Search for a heavy boson in diphoton and multilepton final states at the large hardon collider in pp at √s = 13 TeV

Abstract

A search for the resonant and non-resonant Higgs pair production is presented based on events containing WW bosons with the semi-leptonic decay from one Higgs boson and γγ from the other Higgs boson. This search is performed by a proton–proton collision data recorded by the ATLAS detector at the Large Hadron Collider with an integrated luminosity of 36.1 fb−1 at √s = 13 TeV. The observed and expected upper limits of the non-resonant Higgs pair production (pp → hh) at 95% confidence-level on the cross-section are 7.6 pb and 5.3 pb, respectively. While by assuming a narrow-width the observed and expected upper limit for the resonant Higgs pair production at 95% confidence-level on its cross-section times the branching fraction ((pp → X)×Br(X → hh)) are as follow: a range between 37.5 pb to 6.1 pb are observed and 16.9 pb to 4.4 pb are expected for the resonant mass between 260 GeV to 500 GeV. In addition, a study of multilepton signatures arising from two new scalar bosons H and S at the Large Hadron Collider is carried out.

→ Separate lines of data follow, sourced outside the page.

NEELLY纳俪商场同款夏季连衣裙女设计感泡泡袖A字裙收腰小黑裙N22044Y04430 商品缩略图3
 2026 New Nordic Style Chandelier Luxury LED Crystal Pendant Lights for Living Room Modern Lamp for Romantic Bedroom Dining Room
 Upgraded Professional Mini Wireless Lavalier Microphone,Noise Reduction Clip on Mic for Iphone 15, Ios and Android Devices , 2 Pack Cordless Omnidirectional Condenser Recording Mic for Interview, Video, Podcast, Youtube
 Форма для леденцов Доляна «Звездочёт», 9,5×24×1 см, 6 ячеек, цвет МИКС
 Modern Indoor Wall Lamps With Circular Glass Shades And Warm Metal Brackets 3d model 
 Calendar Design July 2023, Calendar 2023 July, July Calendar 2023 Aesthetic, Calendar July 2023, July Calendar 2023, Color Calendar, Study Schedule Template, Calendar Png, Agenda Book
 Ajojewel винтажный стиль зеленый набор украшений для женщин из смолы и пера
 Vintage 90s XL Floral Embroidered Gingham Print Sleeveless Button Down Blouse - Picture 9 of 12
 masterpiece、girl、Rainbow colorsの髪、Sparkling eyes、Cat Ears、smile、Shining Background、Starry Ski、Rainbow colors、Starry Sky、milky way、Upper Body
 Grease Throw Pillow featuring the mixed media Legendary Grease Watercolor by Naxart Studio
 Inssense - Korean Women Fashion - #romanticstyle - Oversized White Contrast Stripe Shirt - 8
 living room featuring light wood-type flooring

These two new bosons are an extension of the Standard Model and they interact with the Higgs boson. We consider two production modes for H, one being gluon fusion and the other being in association with top quarks. The H → Sh decay mode is considered, where leptonic final states are studied. The nature of the S boson is considered in two separate contexts. Firstly, in a simplified model, it is considered to have Higgs-like couplings. Secondly, we consider a heavy neutrino model and its interactions with the Z,W± and S bosons. In Refs. [1, 2] an excess in di-lepton plus jets and missing transverse energy is predicted. The available data form the ATLAS and CMS experiments displays this excess. Assuming a simplified model where all the signal comes from H → Sh, with mH = 270 GeV and mS = 150 GeV, the significance of the excess is 3.2 standard deviations. This result is combined with other excesses predicted by the model, yielding β2 g = 1.38±0.22, or 6.3σ, where βg is the strength of the Yukawa coupling of H to top quarks. A number of regions of the phase-space is suggested to the experiments for further exploration.